## Exercise description
Your answer must be the exact lines below, starting with the line with "Creative Highlights Symbolbilder" and going on through the line with "7 Escondido Circle", both included, with no pictures.

## Supplied data
=-=-=
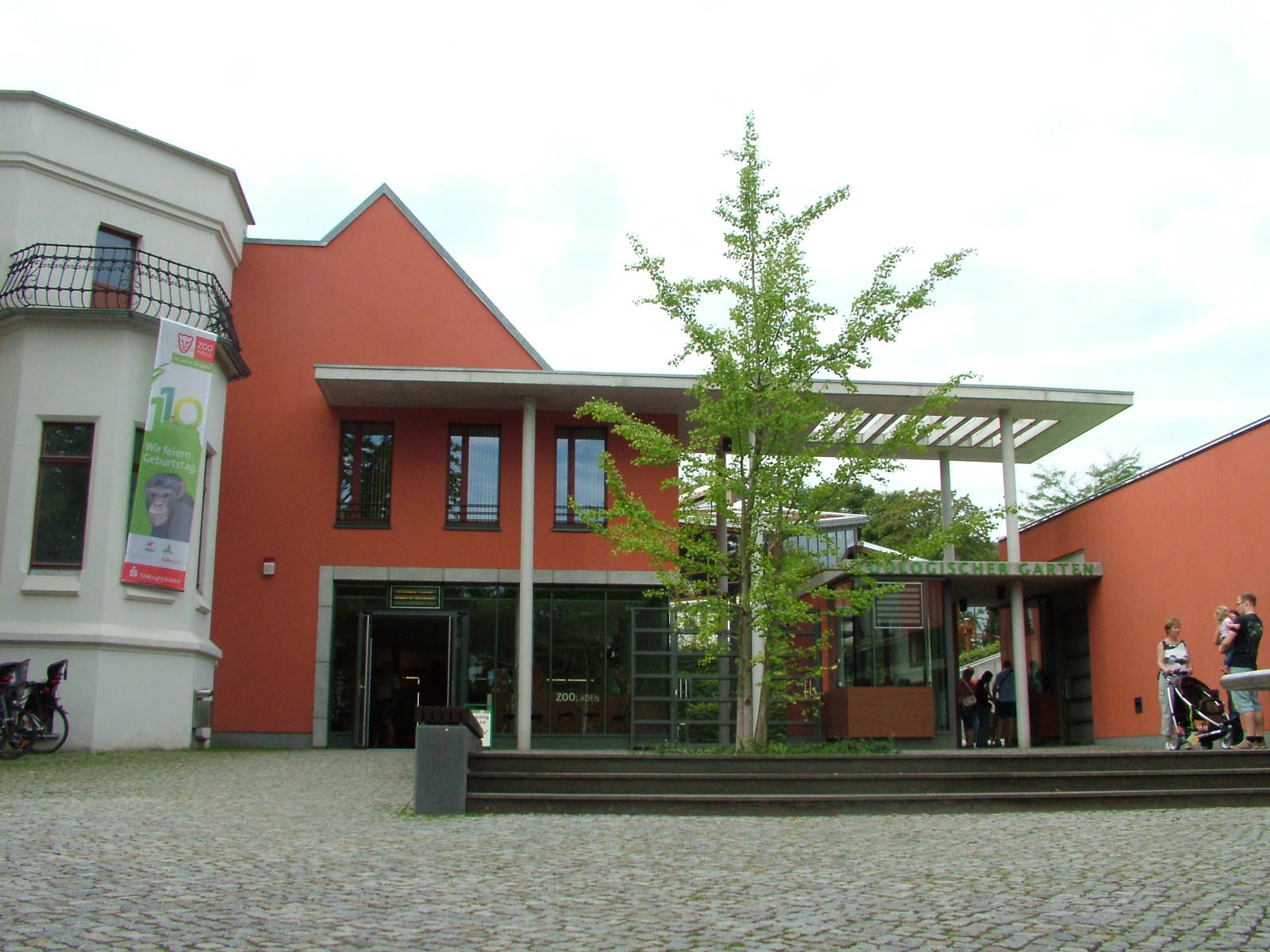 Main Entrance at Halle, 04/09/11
=-=-=
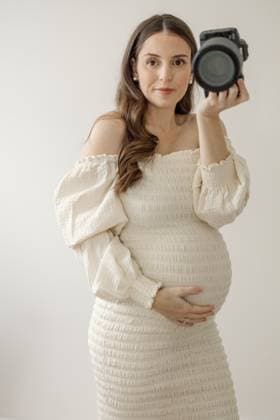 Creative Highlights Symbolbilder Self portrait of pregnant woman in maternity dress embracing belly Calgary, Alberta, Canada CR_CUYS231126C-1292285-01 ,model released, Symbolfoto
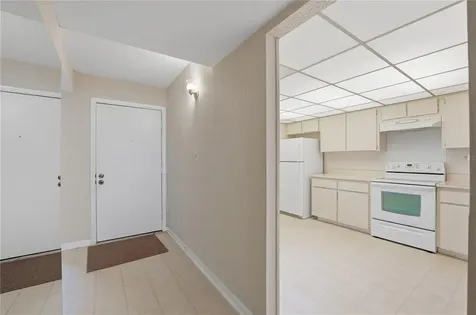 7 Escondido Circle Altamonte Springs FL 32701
=-=-=
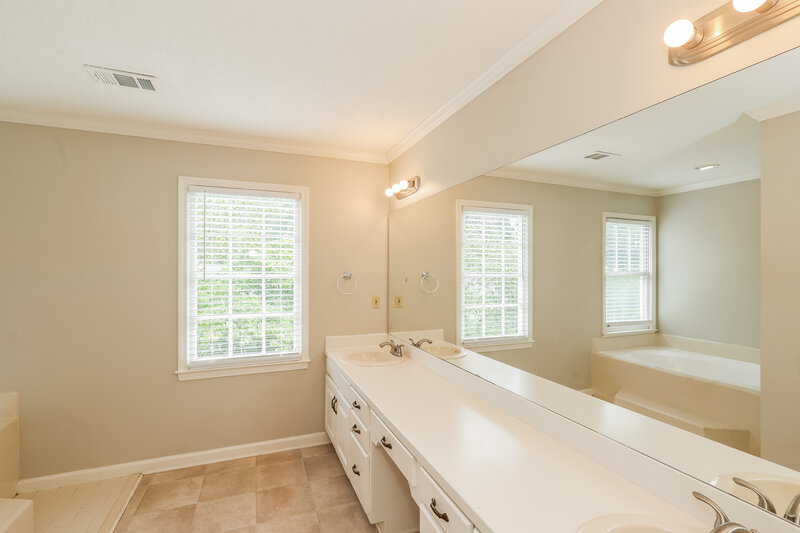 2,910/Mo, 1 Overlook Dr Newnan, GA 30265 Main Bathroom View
=-=-=
## Task output
 Creative Highlights Symbolbilder Self portrait of pregnant woman in maternity dress embracing belly Calgary, Alberta, Canada CR_CUYS231126C-1292285-01 ,model released, Symbolfoto
 7 Escondido Circle Altamonte Springs FL 32701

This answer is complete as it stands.